Dataset entries

'''

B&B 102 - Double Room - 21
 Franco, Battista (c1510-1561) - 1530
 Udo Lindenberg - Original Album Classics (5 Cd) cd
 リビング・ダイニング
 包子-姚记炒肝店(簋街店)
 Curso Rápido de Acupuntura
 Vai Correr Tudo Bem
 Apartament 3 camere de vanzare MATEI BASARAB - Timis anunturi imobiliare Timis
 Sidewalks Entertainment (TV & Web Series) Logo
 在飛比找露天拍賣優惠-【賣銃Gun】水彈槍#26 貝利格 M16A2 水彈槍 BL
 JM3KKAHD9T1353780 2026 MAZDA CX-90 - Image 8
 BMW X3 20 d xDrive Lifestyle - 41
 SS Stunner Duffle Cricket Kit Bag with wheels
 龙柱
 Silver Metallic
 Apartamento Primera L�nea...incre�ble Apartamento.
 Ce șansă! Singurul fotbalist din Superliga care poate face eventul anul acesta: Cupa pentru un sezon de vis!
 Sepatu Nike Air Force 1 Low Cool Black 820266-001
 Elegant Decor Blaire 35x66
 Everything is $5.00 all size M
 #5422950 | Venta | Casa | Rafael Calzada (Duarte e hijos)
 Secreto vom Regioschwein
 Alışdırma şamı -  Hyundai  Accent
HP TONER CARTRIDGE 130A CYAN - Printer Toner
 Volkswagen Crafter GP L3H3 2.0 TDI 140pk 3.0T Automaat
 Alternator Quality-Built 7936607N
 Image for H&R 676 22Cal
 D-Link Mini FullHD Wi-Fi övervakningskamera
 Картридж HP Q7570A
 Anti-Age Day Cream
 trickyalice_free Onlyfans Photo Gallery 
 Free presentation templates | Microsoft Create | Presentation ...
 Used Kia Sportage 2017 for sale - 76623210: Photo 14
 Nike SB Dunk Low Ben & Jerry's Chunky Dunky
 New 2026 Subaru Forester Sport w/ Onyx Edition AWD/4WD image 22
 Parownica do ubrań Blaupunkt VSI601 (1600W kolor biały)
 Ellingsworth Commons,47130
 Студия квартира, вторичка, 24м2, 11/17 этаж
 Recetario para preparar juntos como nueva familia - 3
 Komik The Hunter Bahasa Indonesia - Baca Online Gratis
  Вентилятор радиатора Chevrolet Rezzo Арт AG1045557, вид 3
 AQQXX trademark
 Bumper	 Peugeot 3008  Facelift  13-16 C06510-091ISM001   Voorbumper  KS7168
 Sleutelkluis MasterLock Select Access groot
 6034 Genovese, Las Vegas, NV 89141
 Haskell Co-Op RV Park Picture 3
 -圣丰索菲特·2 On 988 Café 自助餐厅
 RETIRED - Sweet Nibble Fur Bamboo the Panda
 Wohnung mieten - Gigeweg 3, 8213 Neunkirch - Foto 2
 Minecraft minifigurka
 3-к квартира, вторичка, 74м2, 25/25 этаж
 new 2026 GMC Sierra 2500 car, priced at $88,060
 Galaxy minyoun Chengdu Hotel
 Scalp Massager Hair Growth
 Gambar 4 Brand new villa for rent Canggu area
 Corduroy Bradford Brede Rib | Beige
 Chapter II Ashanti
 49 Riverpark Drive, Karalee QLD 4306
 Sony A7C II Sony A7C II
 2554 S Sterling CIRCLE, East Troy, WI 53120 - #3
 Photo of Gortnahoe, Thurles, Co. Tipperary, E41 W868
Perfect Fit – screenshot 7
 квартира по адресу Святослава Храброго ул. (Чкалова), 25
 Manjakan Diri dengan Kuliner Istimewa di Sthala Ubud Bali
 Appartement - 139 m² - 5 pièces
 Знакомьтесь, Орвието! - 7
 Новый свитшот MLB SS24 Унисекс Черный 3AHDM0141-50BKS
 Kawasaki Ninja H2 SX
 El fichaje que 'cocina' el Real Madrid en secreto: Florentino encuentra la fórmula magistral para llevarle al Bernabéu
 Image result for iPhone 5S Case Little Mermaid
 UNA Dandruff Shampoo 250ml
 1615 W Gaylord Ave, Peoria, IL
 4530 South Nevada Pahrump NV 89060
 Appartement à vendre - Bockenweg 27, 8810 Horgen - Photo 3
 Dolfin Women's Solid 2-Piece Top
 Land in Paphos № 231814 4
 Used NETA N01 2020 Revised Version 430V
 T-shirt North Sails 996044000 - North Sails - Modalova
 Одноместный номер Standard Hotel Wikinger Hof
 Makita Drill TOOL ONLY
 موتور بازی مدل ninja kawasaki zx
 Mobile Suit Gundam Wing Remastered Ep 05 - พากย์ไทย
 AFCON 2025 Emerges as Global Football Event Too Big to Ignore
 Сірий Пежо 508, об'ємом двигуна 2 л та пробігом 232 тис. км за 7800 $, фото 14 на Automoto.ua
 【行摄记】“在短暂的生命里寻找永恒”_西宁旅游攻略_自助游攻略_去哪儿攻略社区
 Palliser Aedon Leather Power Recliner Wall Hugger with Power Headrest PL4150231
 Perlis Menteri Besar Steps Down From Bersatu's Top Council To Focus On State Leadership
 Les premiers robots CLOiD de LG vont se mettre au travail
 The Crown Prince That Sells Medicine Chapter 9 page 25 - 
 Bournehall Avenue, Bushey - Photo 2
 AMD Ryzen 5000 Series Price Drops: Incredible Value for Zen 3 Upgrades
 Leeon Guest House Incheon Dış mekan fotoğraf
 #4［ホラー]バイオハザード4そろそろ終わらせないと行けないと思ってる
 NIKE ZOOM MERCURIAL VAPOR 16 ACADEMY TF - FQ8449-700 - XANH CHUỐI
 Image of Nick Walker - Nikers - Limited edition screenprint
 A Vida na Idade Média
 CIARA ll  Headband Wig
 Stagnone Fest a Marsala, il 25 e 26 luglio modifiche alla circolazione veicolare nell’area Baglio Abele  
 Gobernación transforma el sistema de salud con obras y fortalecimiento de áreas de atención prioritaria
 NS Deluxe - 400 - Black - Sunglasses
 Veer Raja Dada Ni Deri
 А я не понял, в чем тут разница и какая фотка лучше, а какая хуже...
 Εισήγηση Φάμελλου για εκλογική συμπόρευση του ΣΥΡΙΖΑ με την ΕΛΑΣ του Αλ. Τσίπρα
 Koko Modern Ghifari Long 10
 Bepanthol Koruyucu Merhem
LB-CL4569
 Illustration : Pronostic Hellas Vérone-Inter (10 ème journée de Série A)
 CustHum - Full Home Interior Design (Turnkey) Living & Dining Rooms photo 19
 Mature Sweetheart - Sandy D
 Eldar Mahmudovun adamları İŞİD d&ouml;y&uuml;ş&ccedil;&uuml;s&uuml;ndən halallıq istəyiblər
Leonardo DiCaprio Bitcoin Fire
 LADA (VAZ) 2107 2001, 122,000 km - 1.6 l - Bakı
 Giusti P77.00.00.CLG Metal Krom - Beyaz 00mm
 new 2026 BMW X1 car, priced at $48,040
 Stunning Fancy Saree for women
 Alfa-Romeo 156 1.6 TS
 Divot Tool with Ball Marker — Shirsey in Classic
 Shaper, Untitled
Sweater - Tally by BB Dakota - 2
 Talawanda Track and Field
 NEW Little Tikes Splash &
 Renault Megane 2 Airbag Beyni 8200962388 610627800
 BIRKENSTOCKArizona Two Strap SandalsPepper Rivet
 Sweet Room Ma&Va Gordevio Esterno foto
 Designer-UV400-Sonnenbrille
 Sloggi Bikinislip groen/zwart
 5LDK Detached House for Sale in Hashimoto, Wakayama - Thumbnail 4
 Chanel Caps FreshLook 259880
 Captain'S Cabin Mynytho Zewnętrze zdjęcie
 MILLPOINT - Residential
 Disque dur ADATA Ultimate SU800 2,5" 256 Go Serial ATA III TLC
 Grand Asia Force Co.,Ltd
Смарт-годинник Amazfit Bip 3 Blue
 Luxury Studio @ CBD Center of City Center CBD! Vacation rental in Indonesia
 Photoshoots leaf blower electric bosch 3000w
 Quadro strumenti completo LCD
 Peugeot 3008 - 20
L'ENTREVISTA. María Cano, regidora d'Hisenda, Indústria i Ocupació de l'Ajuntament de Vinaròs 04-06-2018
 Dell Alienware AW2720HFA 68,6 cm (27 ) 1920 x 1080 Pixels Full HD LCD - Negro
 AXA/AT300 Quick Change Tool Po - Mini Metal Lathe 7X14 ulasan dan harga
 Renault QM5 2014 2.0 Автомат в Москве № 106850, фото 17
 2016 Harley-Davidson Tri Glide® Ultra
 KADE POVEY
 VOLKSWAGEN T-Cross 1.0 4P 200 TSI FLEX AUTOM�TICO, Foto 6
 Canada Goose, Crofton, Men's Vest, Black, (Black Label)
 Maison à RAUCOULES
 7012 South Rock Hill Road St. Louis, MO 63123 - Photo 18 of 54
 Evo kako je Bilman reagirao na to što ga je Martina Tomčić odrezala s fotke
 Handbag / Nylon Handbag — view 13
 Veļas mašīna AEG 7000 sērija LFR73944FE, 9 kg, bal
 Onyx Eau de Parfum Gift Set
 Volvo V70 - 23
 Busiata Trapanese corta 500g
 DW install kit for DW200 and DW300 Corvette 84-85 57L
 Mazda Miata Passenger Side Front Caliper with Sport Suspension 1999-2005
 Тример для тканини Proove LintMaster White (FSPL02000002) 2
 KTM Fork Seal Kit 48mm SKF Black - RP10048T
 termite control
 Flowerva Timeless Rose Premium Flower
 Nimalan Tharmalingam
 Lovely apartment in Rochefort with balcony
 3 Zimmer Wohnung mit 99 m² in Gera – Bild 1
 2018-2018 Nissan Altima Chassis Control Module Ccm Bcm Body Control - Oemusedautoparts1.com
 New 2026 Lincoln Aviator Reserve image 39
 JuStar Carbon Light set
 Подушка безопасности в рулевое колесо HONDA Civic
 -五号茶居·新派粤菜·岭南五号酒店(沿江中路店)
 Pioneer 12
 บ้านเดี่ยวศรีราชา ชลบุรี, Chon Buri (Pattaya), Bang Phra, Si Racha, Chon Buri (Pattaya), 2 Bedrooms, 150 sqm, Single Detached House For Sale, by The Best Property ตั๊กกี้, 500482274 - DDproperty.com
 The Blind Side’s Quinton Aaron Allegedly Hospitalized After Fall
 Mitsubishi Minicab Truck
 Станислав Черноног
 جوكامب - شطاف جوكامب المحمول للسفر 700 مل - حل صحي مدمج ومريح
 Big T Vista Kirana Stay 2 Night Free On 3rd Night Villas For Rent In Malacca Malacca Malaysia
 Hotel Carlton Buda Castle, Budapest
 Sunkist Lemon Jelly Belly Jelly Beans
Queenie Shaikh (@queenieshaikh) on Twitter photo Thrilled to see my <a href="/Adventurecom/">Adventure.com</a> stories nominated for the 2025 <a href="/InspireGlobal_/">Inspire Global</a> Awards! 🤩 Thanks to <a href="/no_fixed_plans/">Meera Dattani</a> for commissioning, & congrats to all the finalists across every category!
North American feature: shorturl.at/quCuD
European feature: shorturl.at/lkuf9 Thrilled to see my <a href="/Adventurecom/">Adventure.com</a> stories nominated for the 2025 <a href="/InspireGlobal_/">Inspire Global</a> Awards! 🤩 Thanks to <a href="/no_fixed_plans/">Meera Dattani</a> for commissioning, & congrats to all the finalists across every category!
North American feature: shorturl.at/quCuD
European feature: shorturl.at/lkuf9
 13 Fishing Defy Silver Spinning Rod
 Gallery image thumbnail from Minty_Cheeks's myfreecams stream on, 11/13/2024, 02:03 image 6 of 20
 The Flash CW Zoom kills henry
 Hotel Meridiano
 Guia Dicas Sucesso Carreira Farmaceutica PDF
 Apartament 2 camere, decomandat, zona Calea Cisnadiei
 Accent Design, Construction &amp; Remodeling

'''

• _Work request_:
Search the entries above for the word "category", and copy every line where it occurs.

• _Output_:
Queenie Shaikh (@queenieshaikh) on Twitter photo Thrilled to see my <a href="/Adventurecom/">Adventure.com</a> stories nominated for the 2025 <a href="/InspireGlobal_/">Inspire Global</a> Awards! 🤩 Thanks to <a href="/no_fixed_plans/">Meera Dattani</a> for commissioning, & congrats to all the finalists across every category!
European feature: shorturl.at/lkuf9 Thrilled to see my <a href="/Adventurecom/">Adventure.com</a> stories nominated for the 2025 <a href="/InspireGlobal_/">Inspire Global</a> Awards! 🤩 Thanks to <a href="/no_fixed_plans/">Meera Dattani</a> for commissioning, & congrats to all the finalists across every category!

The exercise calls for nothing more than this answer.